15. Başvurucu, davanın kısmen reddedilmesi sonucunda idareye 13.740 TL vekâlet ücreti ödemeye mahkûm edildiğini, davayı açtığı tarihte askerî idari yargıda henüz ıslah müessesesi bulunmadığından olası hak kayıplarının önüne geçmek için tazminat miktarının yaklaşık bir değer üzerinden belirlendiğini belirterek Anayasa’nın 36. maddesinde tanımlanan adil yargılanma hakkının ihlal edildiğini ileri sürmüş ve 100.000 TL manevi tazminat talebinde bulunmuştur.

B. Değerlendirme

16. Başvurucunun iddiaları adil yargılanma hakkı kapsamında mahkemeye erişim hakkıyla ilgili olduğundan başvuru bu kapsamda incelenmiştir.

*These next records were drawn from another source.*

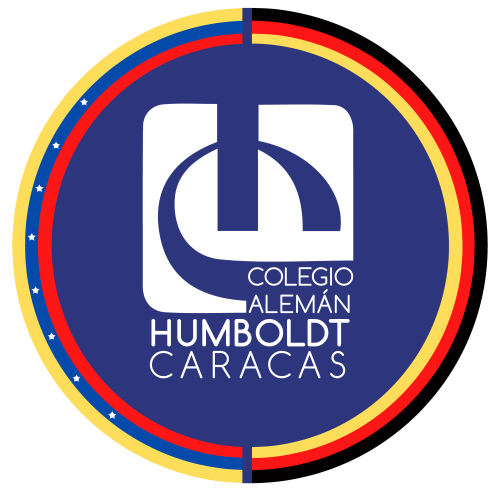 Logo CAHC Azul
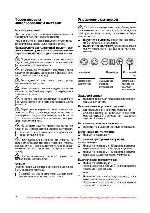 User manual Siemens LC-86950 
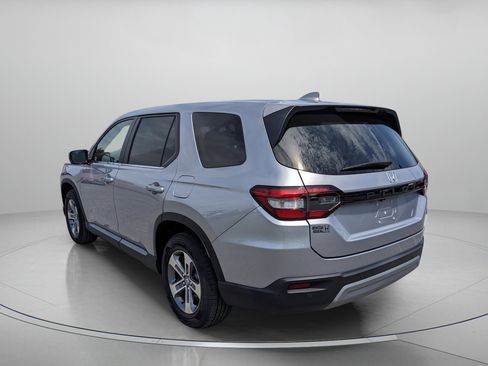 Used 2024 Honda Pilot EX-L image 9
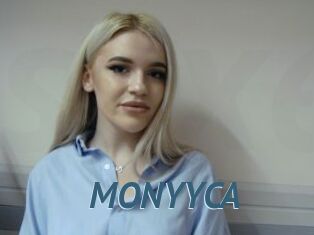 MONYYCA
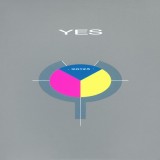 Yes 90125 Argentina print 2024 LP (vinyl)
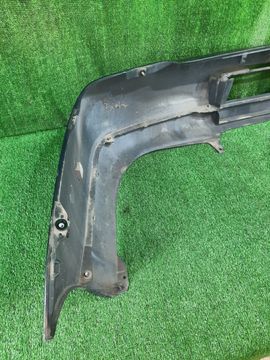 БАМПЕР НА TOYOTA PLATZ SCP11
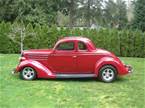 1936 Ford 5 Window Coupe Picture 5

1. Kabul Edilebilirlik Yönününden

17. Açıkça dayanaktan yoksun olmadığı ve kabul edilemezliğine karar verilmesini gerektirecek başka bir nedeni de bulunmadığı anlaşılan mahkemeye erişim hakkının ihlal edildiğine ilişkin iddianın kabul edilebilir olduğuna karar verilmesi gerekir.

2. Esas Yönünden

18. Başvurucu, ıslah imkânının olmadığı dönemde açtığı davada aleyhine hükmedilen vekâlet ücretinin mahkemeye erişim hakkını ihlal ettiğini iddia etmiştir.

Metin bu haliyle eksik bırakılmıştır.